O cheiro de café percorre a casa. Casa. Lembro-me do cheiro do café pela  casa no Brasil, da minha gata fofa Serena, dos meus filhos, do jardim florido e do sol, ahhh, aquele sol do meu Mato Grosso do Sul!

É verdade que o espaço é mais restrito aqui casa victoriana que na ensolarada casinha campo-grandense, o clima também é diferente, a comida é diferente, os costumes, o idioma também, a família toda está distante, mas a fé que me acompanha é a mesma: Isso vai passar, claro que vai! 

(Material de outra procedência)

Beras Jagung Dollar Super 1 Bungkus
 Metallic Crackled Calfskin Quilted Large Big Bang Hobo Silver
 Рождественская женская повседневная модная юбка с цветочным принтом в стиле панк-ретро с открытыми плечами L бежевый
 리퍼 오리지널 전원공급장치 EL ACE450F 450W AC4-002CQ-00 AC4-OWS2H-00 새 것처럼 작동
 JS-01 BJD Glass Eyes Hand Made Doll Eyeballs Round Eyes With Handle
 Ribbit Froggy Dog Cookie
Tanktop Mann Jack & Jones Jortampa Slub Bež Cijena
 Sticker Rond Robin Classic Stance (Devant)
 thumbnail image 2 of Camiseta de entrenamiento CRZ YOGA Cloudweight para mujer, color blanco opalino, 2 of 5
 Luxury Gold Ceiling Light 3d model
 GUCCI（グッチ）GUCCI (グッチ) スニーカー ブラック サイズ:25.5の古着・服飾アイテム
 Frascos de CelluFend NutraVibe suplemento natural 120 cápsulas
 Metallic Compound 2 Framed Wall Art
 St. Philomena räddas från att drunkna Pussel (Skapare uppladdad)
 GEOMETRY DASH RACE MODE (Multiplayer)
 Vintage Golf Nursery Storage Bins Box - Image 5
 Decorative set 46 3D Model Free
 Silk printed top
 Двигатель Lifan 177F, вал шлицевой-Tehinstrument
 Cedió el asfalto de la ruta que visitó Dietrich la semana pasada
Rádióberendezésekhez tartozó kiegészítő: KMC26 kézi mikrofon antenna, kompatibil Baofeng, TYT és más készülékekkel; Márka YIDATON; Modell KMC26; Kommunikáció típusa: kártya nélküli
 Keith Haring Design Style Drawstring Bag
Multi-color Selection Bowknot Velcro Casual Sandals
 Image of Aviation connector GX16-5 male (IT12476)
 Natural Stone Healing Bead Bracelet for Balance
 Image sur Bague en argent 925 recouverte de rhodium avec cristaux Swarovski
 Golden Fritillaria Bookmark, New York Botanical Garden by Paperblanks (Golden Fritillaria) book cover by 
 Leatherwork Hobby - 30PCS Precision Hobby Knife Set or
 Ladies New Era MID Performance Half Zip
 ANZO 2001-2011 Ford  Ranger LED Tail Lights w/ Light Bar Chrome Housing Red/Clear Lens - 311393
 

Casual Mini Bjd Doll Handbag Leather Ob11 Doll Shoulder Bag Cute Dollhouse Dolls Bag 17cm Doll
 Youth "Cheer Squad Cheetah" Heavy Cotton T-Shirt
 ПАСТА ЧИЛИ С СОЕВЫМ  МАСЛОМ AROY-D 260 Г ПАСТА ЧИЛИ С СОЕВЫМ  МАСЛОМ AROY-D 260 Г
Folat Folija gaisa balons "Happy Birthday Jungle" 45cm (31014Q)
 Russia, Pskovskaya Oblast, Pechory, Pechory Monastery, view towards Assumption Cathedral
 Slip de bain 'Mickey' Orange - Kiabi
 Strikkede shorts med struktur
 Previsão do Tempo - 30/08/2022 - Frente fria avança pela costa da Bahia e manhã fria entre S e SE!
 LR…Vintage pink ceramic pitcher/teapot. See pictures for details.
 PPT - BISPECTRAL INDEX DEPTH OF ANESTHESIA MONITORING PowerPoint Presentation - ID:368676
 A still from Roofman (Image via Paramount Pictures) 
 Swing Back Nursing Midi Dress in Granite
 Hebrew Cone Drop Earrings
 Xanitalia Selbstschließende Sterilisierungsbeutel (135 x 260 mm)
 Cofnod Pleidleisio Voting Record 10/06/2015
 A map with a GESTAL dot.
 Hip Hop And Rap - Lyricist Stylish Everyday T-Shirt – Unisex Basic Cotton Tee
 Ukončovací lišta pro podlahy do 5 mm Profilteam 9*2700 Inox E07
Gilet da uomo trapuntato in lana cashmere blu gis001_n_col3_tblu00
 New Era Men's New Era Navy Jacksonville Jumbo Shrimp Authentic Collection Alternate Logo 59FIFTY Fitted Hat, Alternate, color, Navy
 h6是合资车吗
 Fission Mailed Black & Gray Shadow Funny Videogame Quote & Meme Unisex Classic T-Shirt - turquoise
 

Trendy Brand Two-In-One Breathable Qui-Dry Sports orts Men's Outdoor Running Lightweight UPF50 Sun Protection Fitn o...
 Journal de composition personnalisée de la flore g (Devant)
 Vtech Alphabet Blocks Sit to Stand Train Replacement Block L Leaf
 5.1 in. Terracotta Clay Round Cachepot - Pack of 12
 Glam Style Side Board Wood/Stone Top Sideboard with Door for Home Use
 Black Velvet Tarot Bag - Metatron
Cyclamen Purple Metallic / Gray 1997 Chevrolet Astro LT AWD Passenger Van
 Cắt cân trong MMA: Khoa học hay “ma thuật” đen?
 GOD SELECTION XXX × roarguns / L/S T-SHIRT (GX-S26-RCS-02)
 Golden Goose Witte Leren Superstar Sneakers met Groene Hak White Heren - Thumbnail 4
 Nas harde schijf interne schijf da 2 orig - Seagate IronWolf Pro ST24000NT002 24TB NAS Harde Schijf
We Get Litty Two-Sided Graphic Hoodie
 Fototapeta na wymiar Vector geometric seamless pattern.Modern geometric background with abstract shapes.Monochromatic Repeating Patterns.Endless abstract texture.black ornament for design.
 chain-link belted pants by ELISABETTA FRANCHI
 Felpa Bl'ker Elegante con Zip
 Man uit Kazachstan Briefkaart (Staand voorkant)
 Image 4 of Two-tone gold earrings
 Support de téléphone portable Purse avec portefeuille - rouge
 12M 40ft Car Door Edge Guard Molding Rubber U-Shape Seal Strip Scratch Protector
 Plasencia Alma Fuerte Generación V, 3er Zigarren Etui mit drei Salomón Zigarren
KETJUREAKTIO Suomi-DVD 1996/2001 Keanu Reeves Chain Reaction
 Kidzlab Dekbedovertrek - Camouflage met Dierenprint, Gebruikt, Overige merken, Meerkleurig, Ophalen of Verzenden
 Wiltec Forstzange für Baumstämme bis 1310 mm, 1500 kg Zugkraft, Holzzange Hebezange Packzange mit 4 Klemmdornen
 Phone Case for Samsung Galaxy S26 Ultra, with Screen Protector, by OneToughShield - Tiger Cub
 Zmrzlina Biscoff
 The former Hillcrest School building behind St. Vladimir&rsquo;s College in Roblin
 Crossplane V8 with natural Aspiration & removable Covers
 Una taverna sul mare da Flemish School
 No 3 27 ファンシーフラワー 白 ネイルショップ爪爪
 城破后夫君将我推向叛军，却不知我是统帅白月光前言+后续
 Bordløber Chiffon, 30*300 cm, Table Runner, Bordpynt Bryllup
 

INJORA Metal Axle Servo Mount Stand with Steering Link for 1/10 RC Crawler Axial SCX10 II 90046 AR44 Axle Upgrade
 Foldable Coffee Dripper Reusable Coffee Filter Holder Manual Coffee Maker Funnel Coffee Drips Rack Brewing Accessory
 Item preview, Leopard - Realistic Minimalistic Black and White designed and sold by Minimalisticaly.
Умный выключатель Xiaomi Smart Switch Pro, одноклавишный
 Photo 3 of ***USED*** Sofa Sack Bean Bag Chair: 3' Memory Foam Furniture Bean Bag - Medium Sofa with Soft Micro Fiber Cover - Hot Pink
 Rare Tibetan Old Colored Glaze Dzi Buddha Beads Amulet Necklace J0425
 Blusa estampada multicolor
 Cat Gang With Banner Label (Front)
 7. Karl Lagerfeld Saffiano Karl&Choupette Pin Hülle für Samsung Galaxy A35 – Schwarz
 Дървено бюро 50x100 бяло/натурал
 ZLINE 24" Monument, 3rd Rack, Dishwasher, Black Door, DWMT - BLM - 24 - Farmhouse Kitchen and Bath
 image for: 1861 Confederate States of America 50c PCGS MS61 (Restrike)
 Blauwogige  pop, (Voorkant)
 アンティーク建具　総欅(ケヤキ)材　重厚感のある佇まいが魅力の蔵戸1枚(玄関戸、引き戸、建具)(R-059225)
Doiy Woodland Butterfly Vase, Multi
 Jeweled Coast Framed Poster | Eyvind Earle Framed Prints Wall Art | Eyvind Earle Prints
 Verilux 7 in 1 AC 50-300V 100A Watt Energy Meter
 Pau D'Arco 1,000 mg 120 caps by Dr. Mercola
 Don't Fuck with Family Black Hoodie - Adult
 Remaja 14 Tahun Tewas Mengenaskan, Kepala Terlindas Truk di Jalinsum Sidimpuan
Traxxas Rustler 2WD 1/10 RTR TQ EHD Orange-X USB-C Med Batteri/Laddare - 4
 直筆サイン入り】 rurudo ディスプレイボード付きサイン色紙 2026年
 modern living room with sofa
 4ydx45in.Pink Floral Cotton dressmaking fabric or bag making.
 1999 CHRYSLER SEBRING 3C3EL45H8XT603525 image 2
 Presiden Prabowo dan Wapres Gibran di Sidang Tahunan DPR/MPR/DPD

Enquanto isso, as horas passam e eu escrevo, cozinho, estudo, faço exercícios no tapete, cuido da casa e, entre uma atividade e outra, peço proteção divina e cutuco meus filhos e minha mãe por telefone: ‘- Fiquem em casa, lavem as mãos’, sem me dar conta que além de ser mãe, sou também filha, e minha mãe deve estar exatamente feito eu aqui: em oração pelos filhos.

O dia segue aqui dentro, olho pela janela, ninguém na rua, tudo parado, ainda assim, minha alma poeta que se encanta com as coisas simples da vida, dança ao som de Belchior e se enlaça em cada pedacinho da “Canção do Exílio” do poeta Guimarães Rosa, definitivamente não, as aves que aqui gorjeiam não gorjeiam como lá! 

*Geise Machulek, Ilha de Vancouver - Victoria, Colúmbia Britânica, Canadá.